Schließung von Regulierungsarbitrage

Für uns gilt deshalb der Grundsatz: Kein Finanzmarktakteur, kein Finanzprodukt und kein Markt darf in Zukunft ohne angemessene Regulierung bleiben. Dies trägt auch zur langfristigen Wettbewerbsfähigkeit der Finanzmärkte bei.
Im Rahmen einer europäischen oder internationalen Lösung streben wir für Finanzinstitute außerhalb des Banken- und Versicherungssektors, z. B. für Hedgefonds und Schattenbanken, einen Kriterienkatalog zur Prüfung ihrer Bedeutung für das Finanzsystem an. Systemrelevante Finanzinstitute sollen verbindlichen Regulierungsanforderungen und einer Aufsicht unterliegen. Gleiches Geschäft muss gleich reguliert werden.
Um das Potential der Blockchain-Technologie zu erschließen und Missbrauchsmöglichkeiten zu verhindern, wollen wir eine umfassende Blockchain-Strategie entwickeln und uns für einen angemessenen Rechtsrahmen für den Handel mit Kryptowährungen und Token auf europäischer und internationaler Ebene einsetzen

Überprüfung der bestehenden Regulierungsmaßnahmen de lege lata

Wir setzen uns für eine zielgenaue, wirksame und angemessene Finanzmarktregulierung ein. Daher wollen wir die (Wechsel-)Wirkungen der nach der Finanzmarktkrise beschlossenen Regulierungsmaßnahmen untersuchen. Dabei wollen wir prüfen, ob ihre Ziele erreicht wurden und ob die Regulierung und die Aufsicht nach dem Grundsatz der doppelten Proportionalität ausgerichtet sind. Dort, wo es notwendig ist, wer den wir auf eine Nachjustierung auch auf europäischer und internationaler Ebene hinwirken.
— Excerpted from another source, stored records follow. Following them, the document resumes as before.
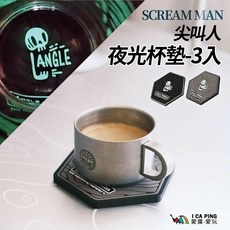 ANGLE Torlexon 夜光杯墊 - 3入組, 黑色, 3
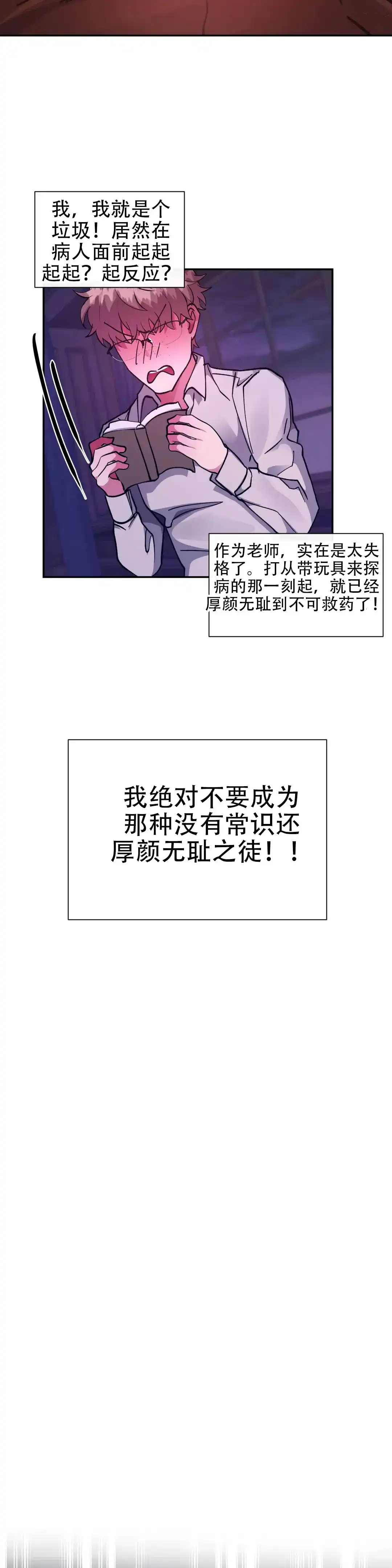 龙堡秘爱 第50话 第3页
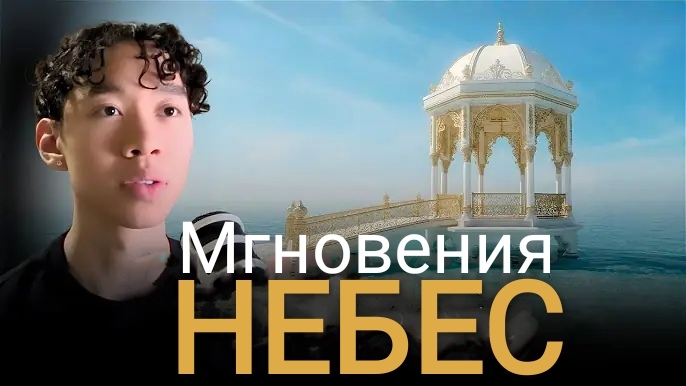 Мгновения Небес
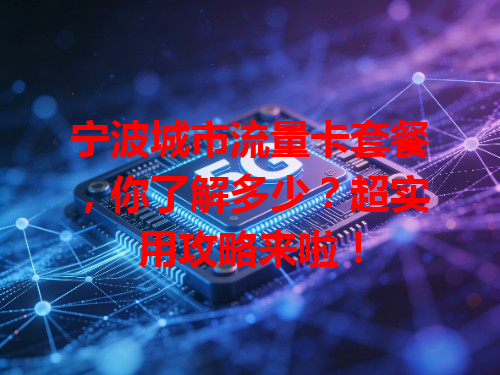 宁波城市流量卡套餐，你了解多少？超实用攻略来啦！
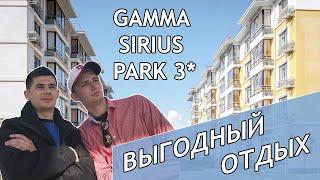 Обзор отеля Gamma Sirius Park (Сочи, Адлер)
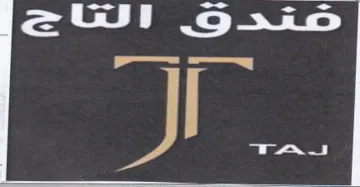 al حتحد ا trademark logo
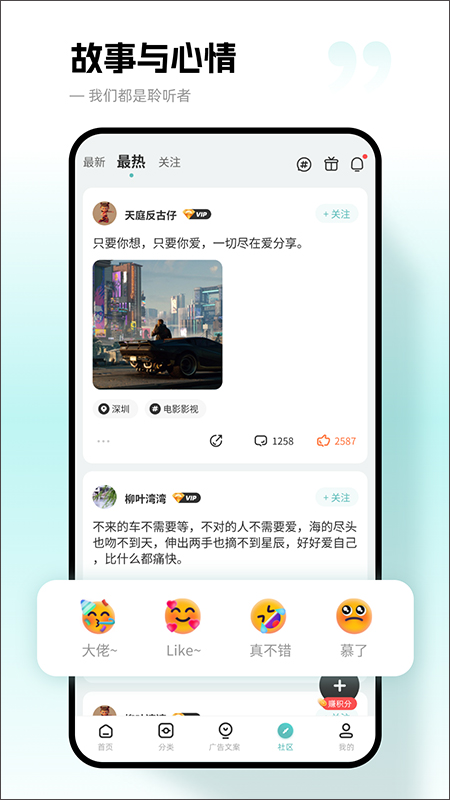 文案狗截图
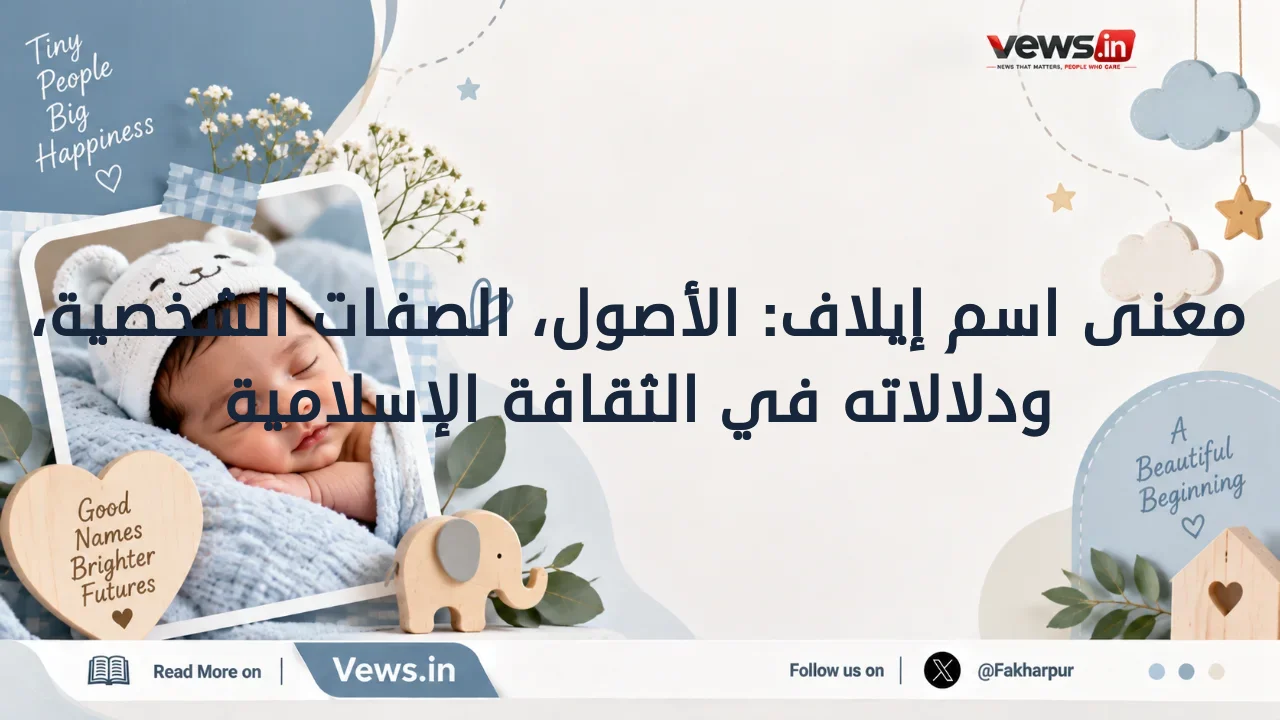 معنى اسم إيلاف: الأصول، الصفات الشخصية، ودلالاته في الثقافة الإسلامية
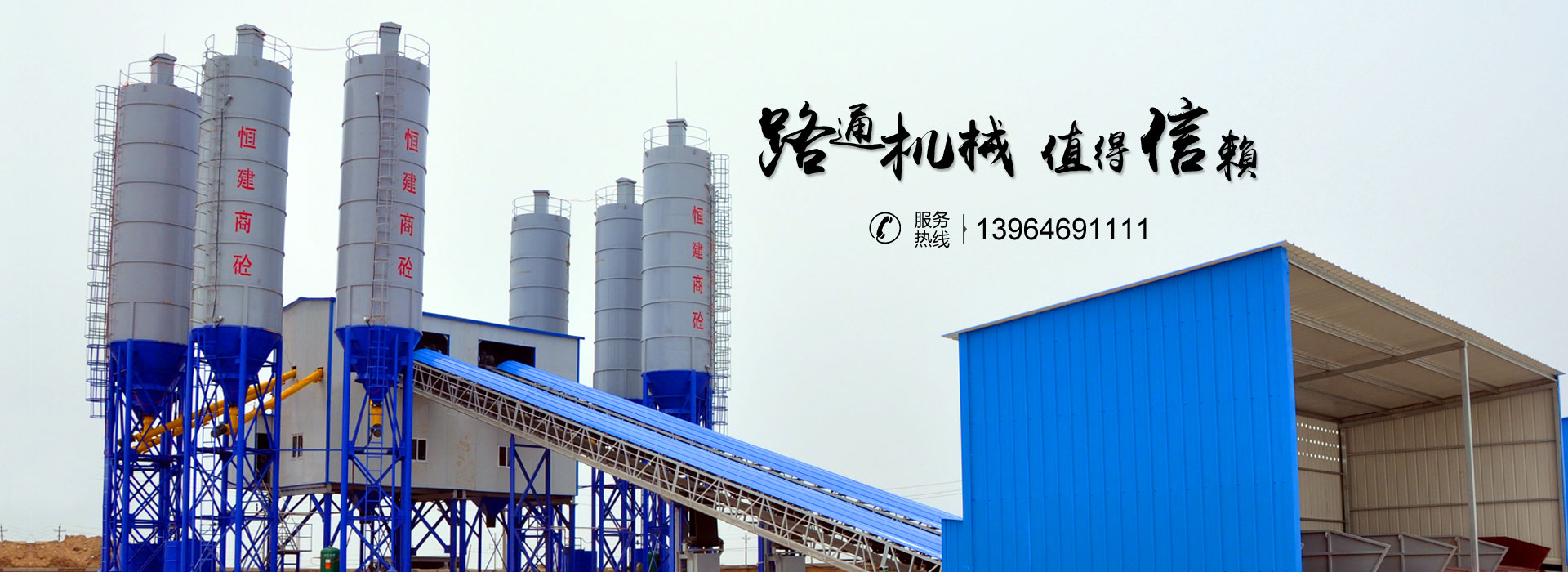 山東宜普爾裝飾材料有限公司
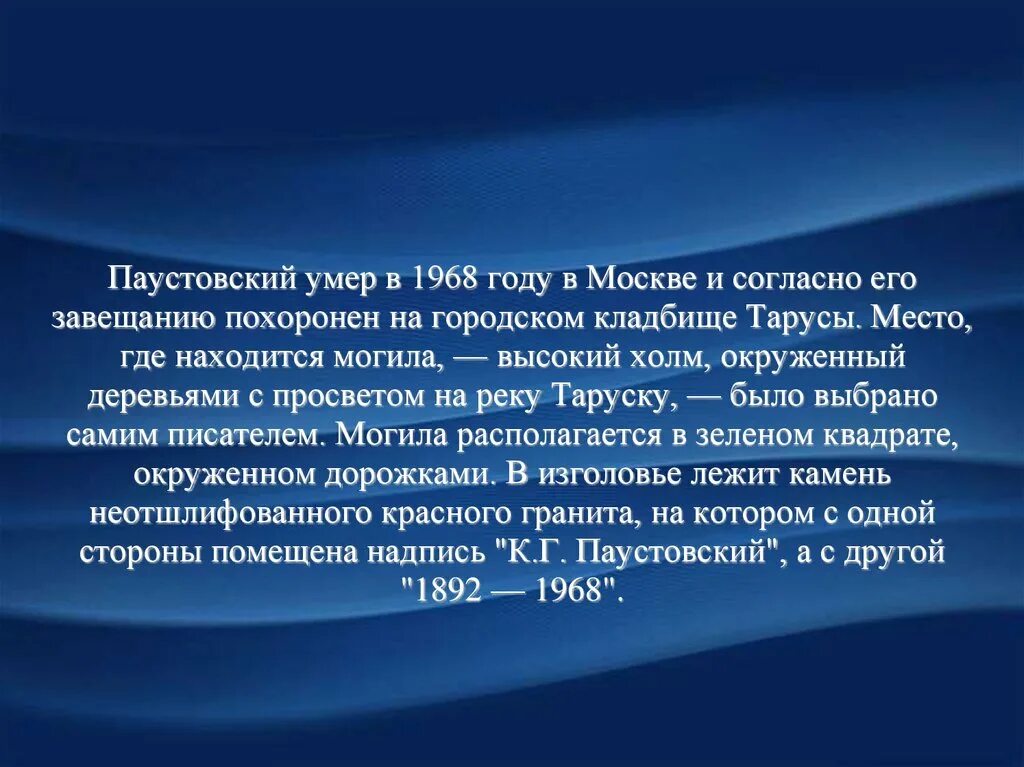 Жизни паустовского кратко. Паустовский презентация. Жизнь и творчество Паустовского. Сообщение о Паустовском. Биография Паустовского.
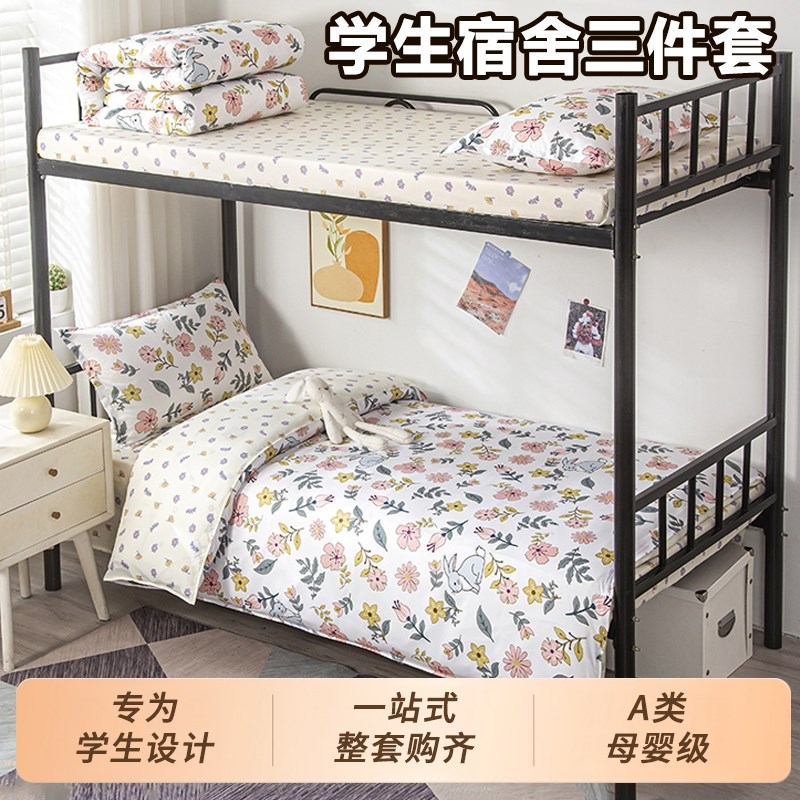 大学生宿舍床单人三件套床上用品被褥全套一O整套被套被子四件套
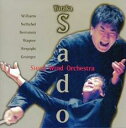 【バーゲンセール】【中古】CD▼ブラスの祭典 2 レンタル落ち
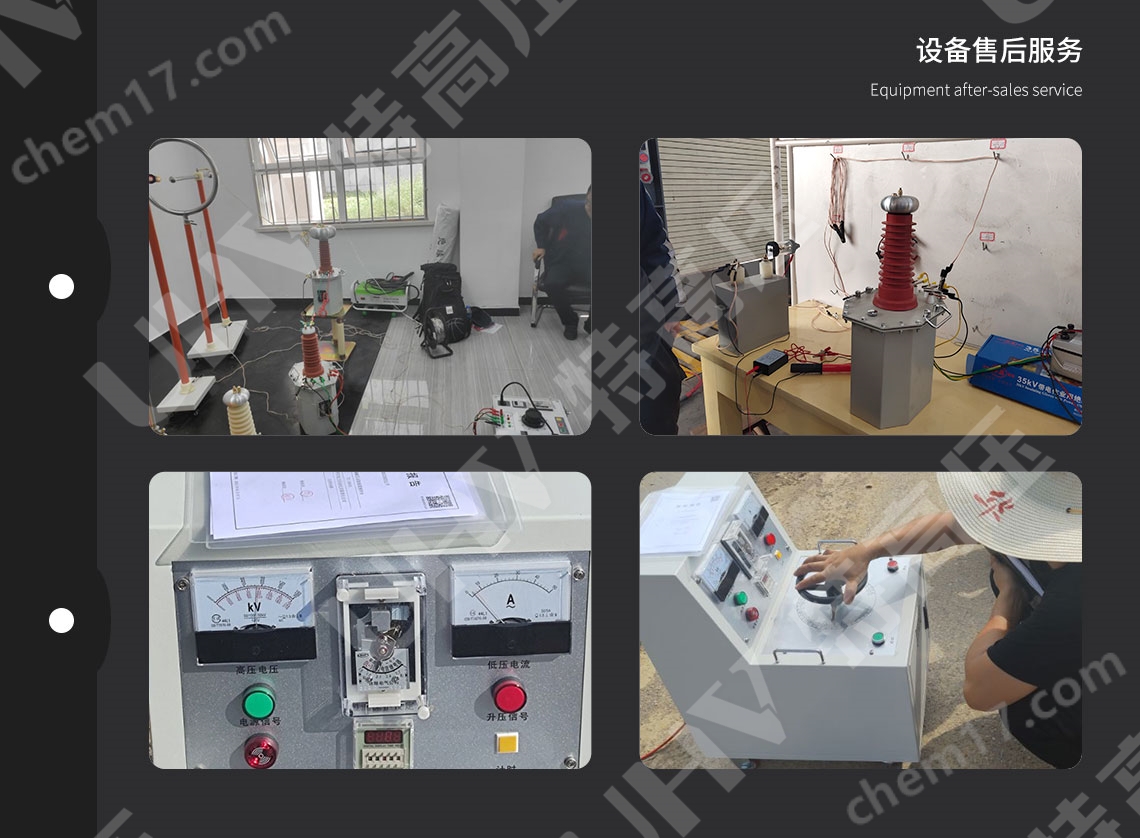 HT-705 靜電駐極發(fā)生器(圖9) 靜電駐極發(fā)生器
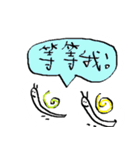 Do my self（個別スタンプ：35）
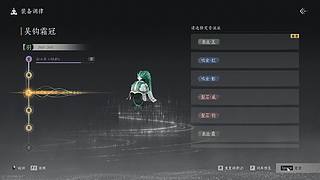 【牙】新手胎教级教学
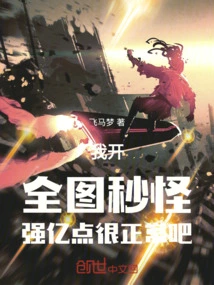 Is it Normal for Me to Activate the Whole Map and Gain 100 Million Points from Monsters Instantly?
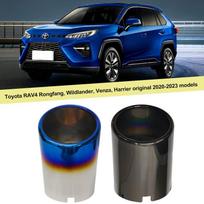 Stainless Steel Exhaust Tip for 2020-2022 Toyota RAV4 Rongfang Titanium Black black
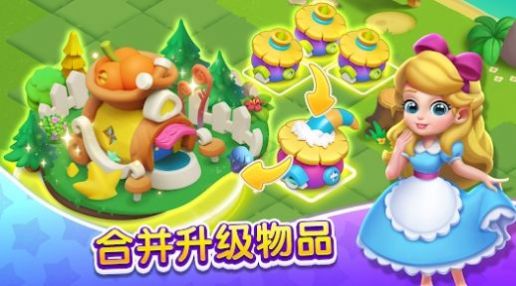 合并叢林最新版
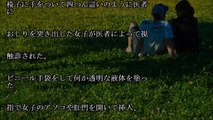 【体験談】前の席の女子が肛門丸見えの状態で泣いていたのを見て興奮！ 肛門検査で女子大生の恥ずかしかった体験談 大人のマル秘動画投稿チャンネル よろしければチャンネル登録おねがいしま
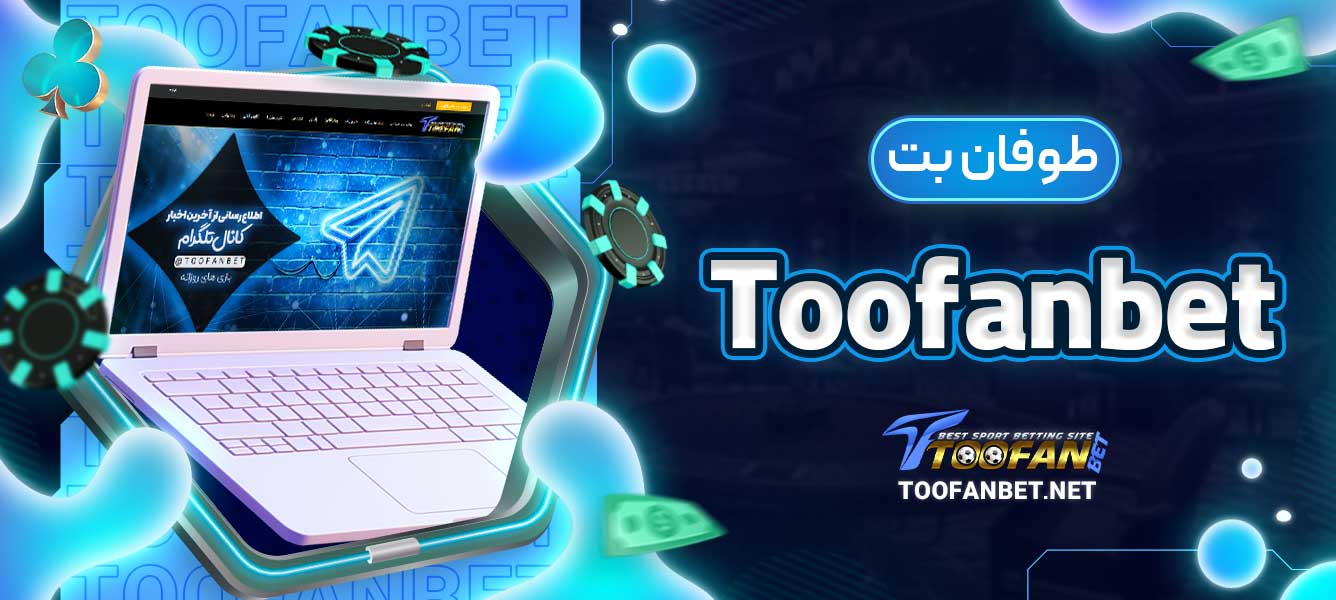 طوفان بت toofanbet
Erleichterungen für kleinere und mittlere Kreditinstitute, insbesondere Proportionalität bei der Bankenregulierung

Wir wollen dabei insbesondere kleine Institute entlasten, soweit von ihnen geringe Risiken für die Finanzstabilität ausgehen.
Regional tätige Finanzinstitute wie Sparkassen, Genossenschaftsbanken und Förderbanken sind wichtige Finanzpartner vieler Menschen und Unternehmen in unserem Land. Wir sehen sie als wichtige Säule für die Stabilität im Finanzsystem und kämpfen daher für ihren Erhalt. Wir werden bei der Regulierung danach unterscheiden, ob es sich um Sparkassen, Genossenschaftsbanken, Förderbanken bzw. kleine und mittlere Privatbanken mit risikoarmen Geschäftsmodellen handelt oder um systemrelevante Großbanken.

Kohärente Regulierung und Aufsicht 

Auch eine kohärente Regulierung und Aufsicht sollen dazu beitragen, Deutschlands Rolle als einer der führenden Digitalisierungs- und FinTech-Standorte zu stärken. Wir werden unnötige bürokratische Hemmnisse beseitigen und dafür sorgen, dass Geschäfte mit gleichen Risiken auch gleich reguliert werden.
Die Sicherheit der IT-Systeme ist sowohl für Kundinnen und Kunden als auch für die Stabilität der Finanzmärkte von großer Bedeutung. Die Abwehr von Cyber-Angriffen stellt auch für Finanzdienstleister eine wesentliche Herausforderung dar. Wir wollen die Fähigkeiten der Finanzaufsicht im Bereich Digitalisierung und IT-Sicherheit stärken und auch die Zusammenarbeit mit allen zuständigen Aufsichts- und Sicherheitsbehörden intensivieren.

Verbraucherschutz

Wir werden zur Herstellung einer einheitlichen und qualitativ hochwertigen Finanzaufsicht die Aufsicht über die freien Finanzanlagevermittler schrittweise auf die Bundesanstalt für Finanzdienstleistungsaufsicht übertragen.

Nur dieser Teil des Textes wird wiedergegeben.